Caption-style text data
- Opening Delimiter -

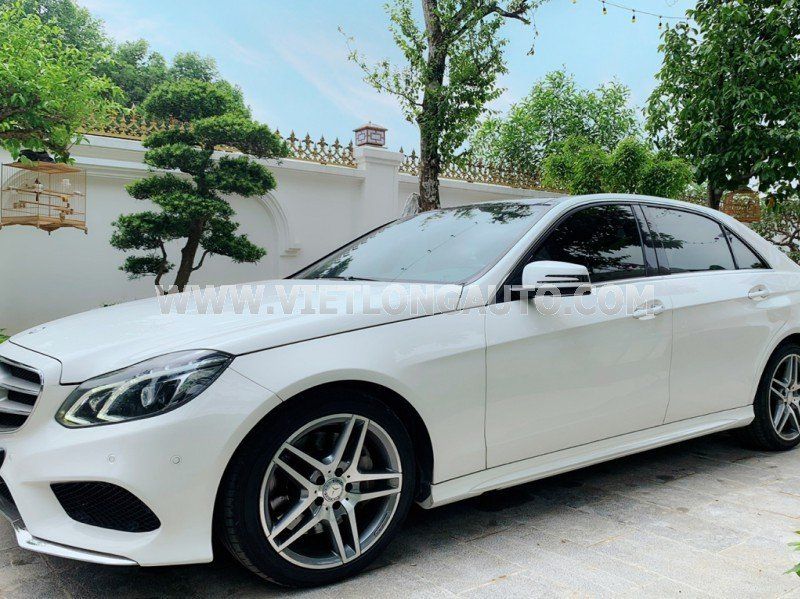 Mercedes-Benz E400 2014 - Màu trắng giá hữu nghị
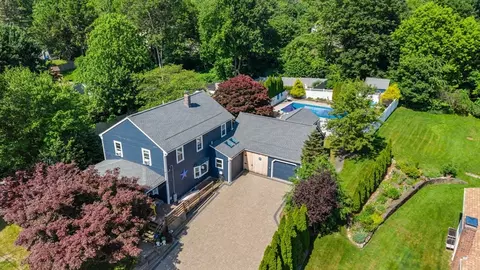 56 Francis Ave, Shrewsbury, MA 01545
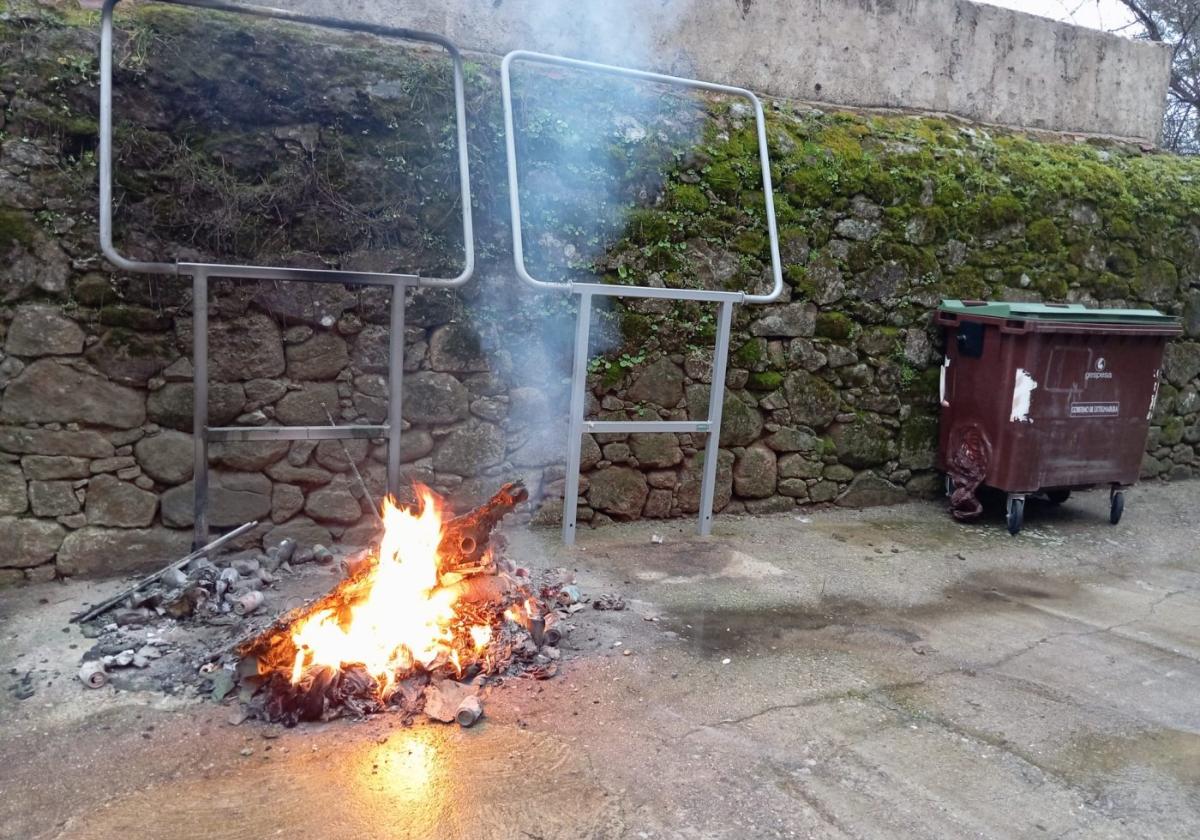 Restos del fuego de uno de los contenedores, ayer.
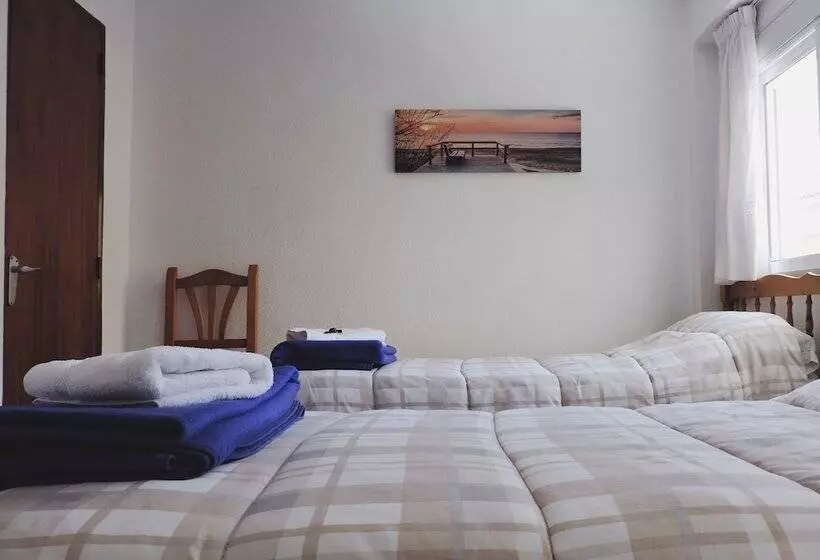 Majatalo Hostal Monreal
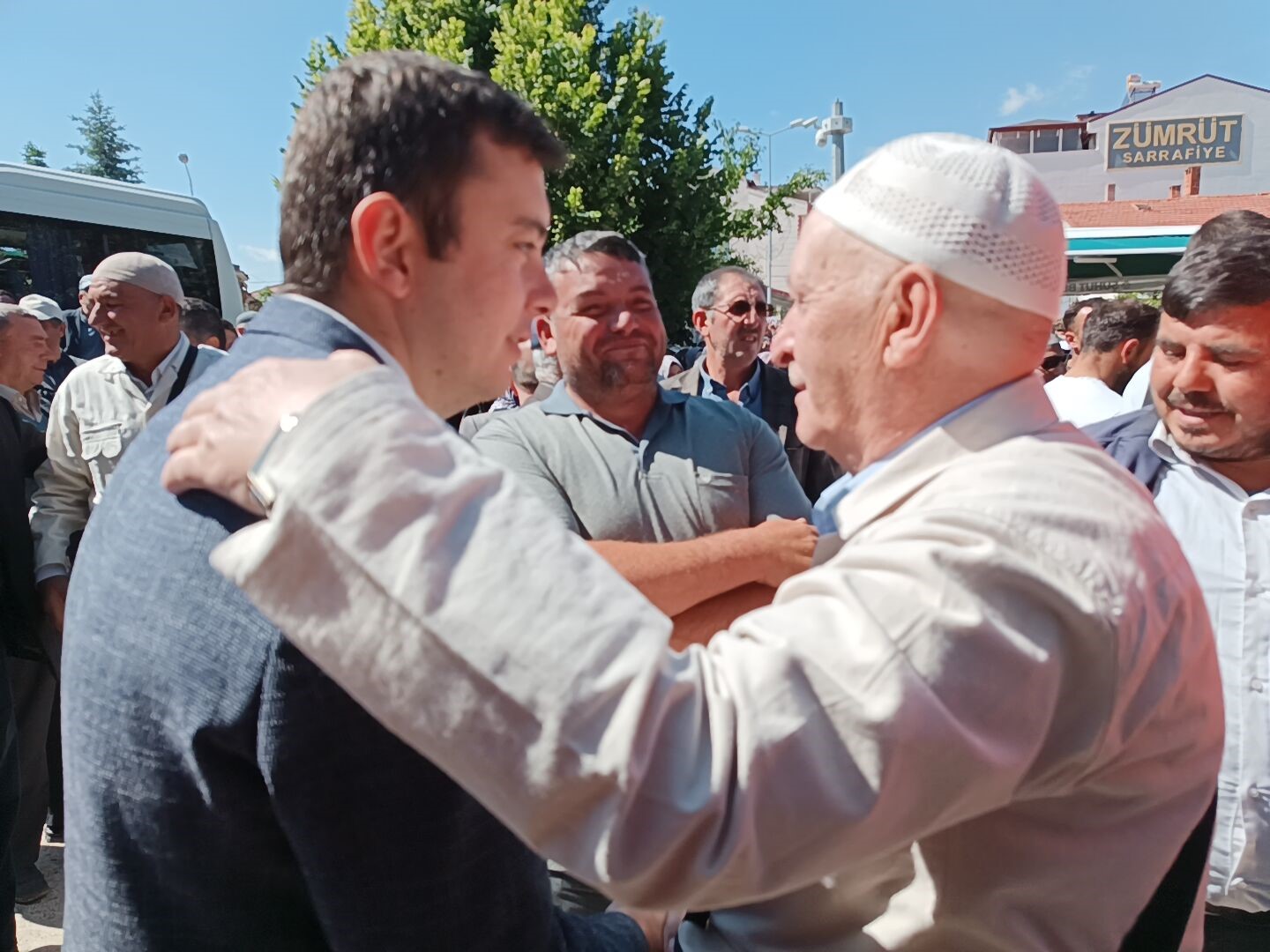 59 Kişilik Hac Kafilesi Dualarla Uğurlandı: Uğurlama Ulu Camii'nde yapıldı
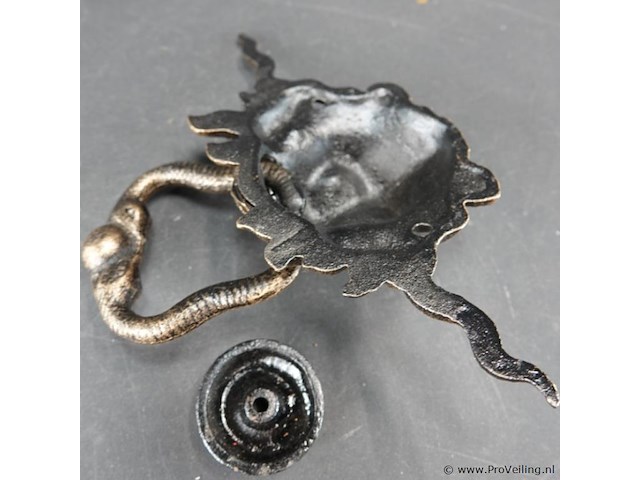 Leeuwenkop als faux bronzen deurklopper - afbeelding 5 van  5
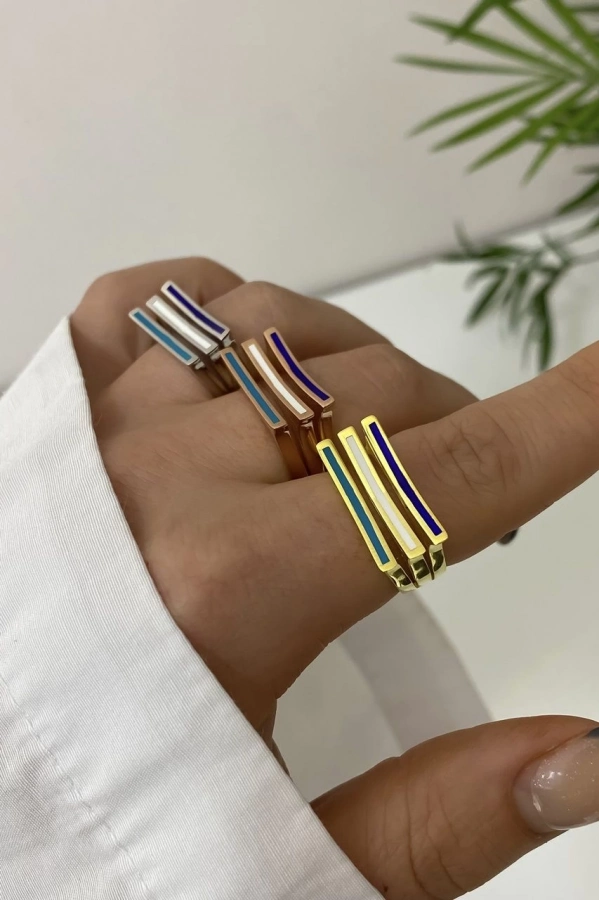 Kare Form Mineli Yüzük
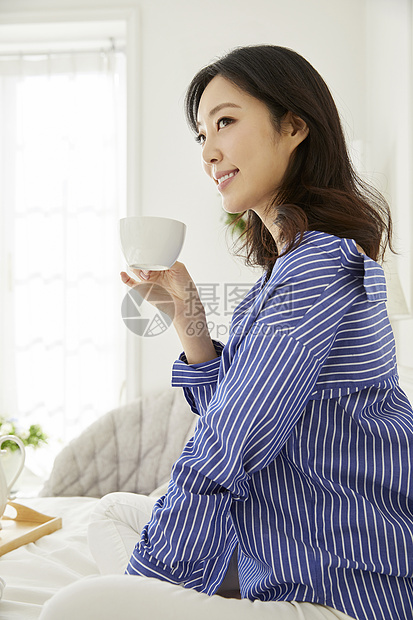 轮廓毒蛇神谕年轻女子生活韩国人图片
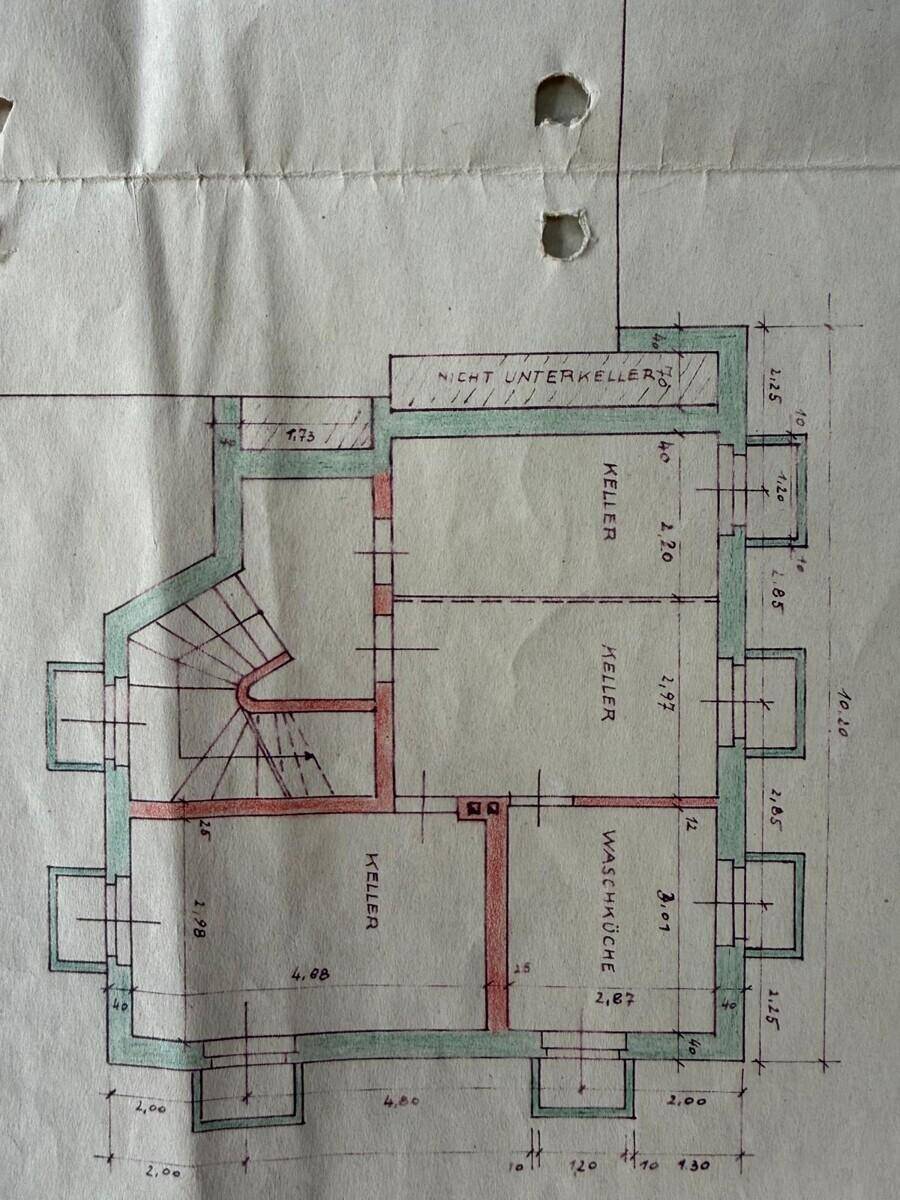 Grundriss des Kellergeschosses mit mehreren Kellerräumen und Waschküche.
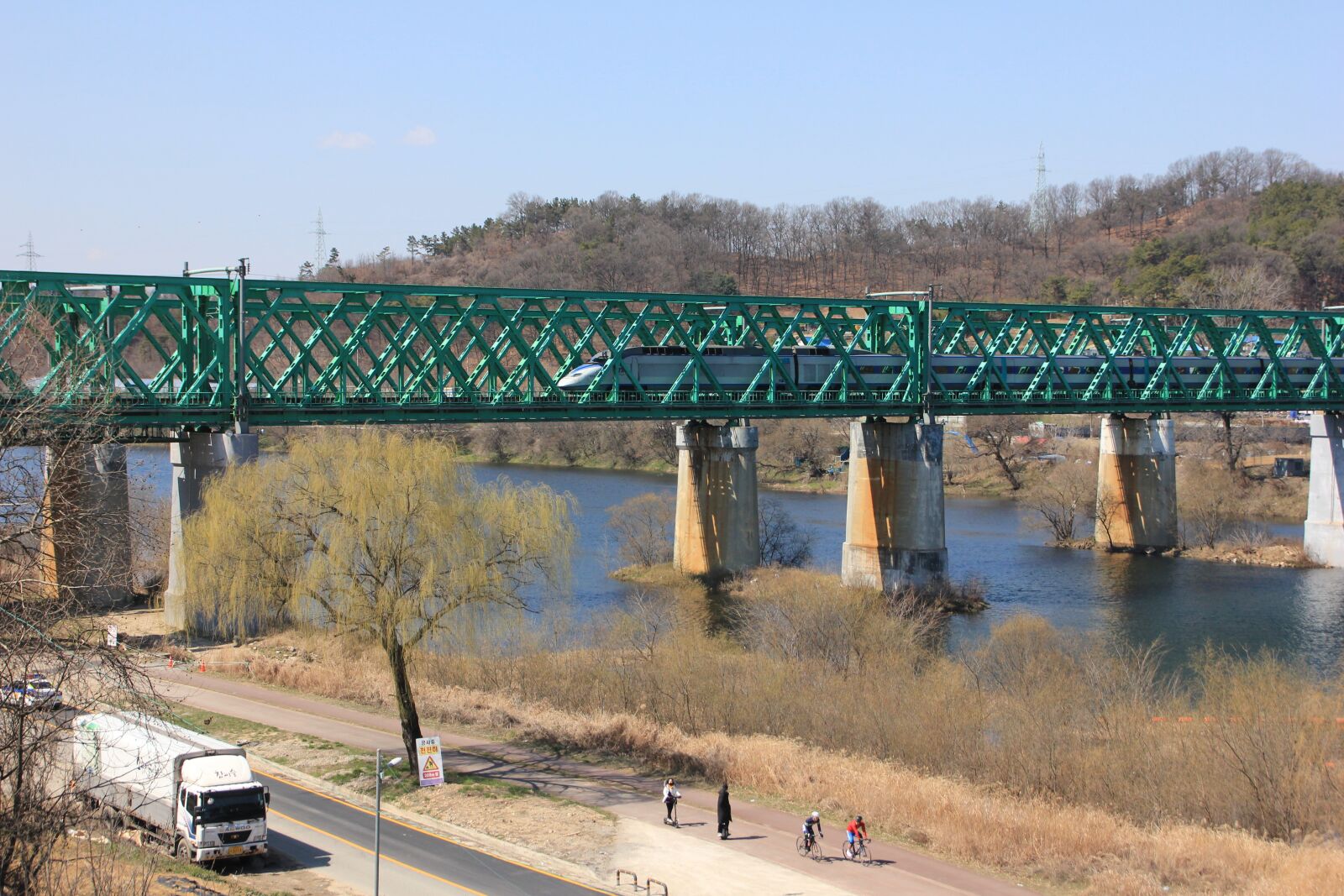 Canon EOS 600D (Rebel EOS T3i / EOS Kiss X5) sample photo. Korea, railway, transportation photography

- Closing Delimiter -

→ **Exercise description**: Reproduce the entries exactly. Do not carry over any picture.

→ **Result**:
 Mercedes-Benz E400 2014 - Màu trắng giá hữu nghị
 56 Francis Ave, Shrewsbury, MA 01545
 Restos del fuego de uno de los contenedores, ayer.
 Majatalo Hostal Monreal
 59 Kişilik Hac Kafilesi Dualarla Uğurlandı: Uğurlama Ulu Camii'nde yapıldı
 Leeuwenkop als faux bronzen deurklopper - afbeelding 5 van  5
 Kare Form Mineli Yüzük
 轮廓毒蛇神谕年轻女子生活韩国人图片
 Grundriss des Kellergeschosses mit mehreren Kellerräumen und Waschküche.
 Canon EOS 600D (Rebel EOS T3i / EOS Kiss X5) sample photo. Korea, railway, transportation photography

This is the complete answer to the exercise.